The average age of those hostile to Kaerpernick and the NFL protests are older than the typical Nike consumer. They are also limited to the American market. So I am not sure Nike has lost much and it has a launched a campaign that is being well received globally.
Nike will be fine.
Well…maybe. One has to wonder how many Nike products purchased by that younger cohort are paid for by the older folks who have the option of saying, “Take it back and buy another brand or pay for it yourself.”
How many pairs of those outrageously expensive Nike shoes are purchased by grandparents and parents as birthday or Christmas presents?
“While NFL viewers and fans are a diverse lot the largest single viewing demographic is the black community.” I’m not sure what that means. If you are saying that more blacks watch the NFL games than whites, that’s false. If you are saying a higher percentage of blacks than whites watch the NFL, you’re probably correct. Of course, the bottom line for the NFL is the money. They don’t much give a damn when poor people turn the channel. It’s the money they want and lots of it. To get it, they need whitey.
Good point, Cav. Almost two thirds of Americans watch the NFL according to this link. With white Americans, which includes Hispanics, accounting for more than 70% of the 330 million population and blacks about 13%, it’s not difficult to see that Cthulhu’s contention is very misleading. Whites are by far the largest segment of NFL viewers.
https://tvbythenumbers.zap2it.com/network-press-releases/no-surprise-64-americans-watch-nfl-football-73-of-men-55-of-women/
You are correct the breakdown I was looking at showed percentage of each demographic that watch the NFL and blacks had the highest percentage of viewers.
In me rush to check the data I mistook the percentage of each demographic as the percentage of total viewers.
Still, the NFL screwed up no matter what the demographics are. They managed to essentially anger every one time the demographic groups.
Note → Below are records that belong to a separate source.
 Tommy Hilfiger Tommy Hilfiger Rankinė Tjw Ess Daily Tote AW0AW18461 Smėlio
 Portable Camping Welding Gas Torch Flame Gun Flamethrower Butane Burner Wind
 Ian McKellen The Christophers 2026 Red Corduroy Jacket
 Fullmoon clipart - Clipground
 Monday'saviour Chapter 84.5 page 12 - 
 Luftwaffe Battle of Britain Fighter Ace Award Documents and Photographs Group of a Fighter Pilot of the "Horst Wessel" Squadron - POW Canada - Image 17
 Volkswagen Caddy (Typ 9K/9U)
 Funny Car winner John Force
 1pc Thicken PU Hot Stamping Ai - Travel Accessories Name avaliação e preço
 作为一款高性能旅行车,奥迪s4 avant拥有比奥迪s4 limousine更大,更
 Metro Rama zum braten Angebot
I forgot about Nike’s extensive line of golf wear, including $200 shoes–golf is a pursuit of the older crowd, with the average age of the 25 million Americans who play golf being 54.
https://www.creditdonkey.com/golf-player-demographic.html
So here we have a multinational corporation that peddles overpriced athletic shoes and gear made via child labor in sweatshops pretending to be some benevolent entity that it is now using a washed up has-been third string Quarterback that threw juvenile hissy fits for publicity to sell their shit to whiny-assed libtards and millenials. Fuck Kaepernick and fuck Nike, the University of Alabama and a few other Colleges have already said to Hell with Nike gear and uniforms and I hope many more schools do the same!
What’s amusing is that the only person/enitity that has benefited from this ridiculousness of protesting the anthem is Kaepernick. Think about it, the nfl has alienated its largest viewer base, causing a drop in ratings; the “community” he represents is still no better or worse off; and now LEOs jobs have become even more dangerous due to his antics.
Kaepernick has no cause, never had a cause, and remains to be seen as one of the most selfish players in the history of the NFL. Additionally, has anyone else noticed that he has done no public speaking on his “issue”? One would figure that if someone had a legitimate cause fighting some sort of injustice, that they would appear on as many news outlets and conduct as many interviews as possible. The problem is that Kaepernick doesn’t have a cause, and is completely clueless. If he were to be on a panel, or spend a few hours being interview, his ridiculous charade would be exposed for all of the world to see.
He is only about “me”, and has no substance whatsoever.
Overall, I agree with what you wrote. Krapernick is just following the route marked by Jesse and Al. He’s shaking down companies and, for some segment of the population, is now deemed to be a spokesman for correcting social injustice. It’s a lucrative gig. Pays very handsomely. Oh. I nearly forgot to add that he is also a victim. It’s all a sham, a flimsy, scrutiny-defying scam.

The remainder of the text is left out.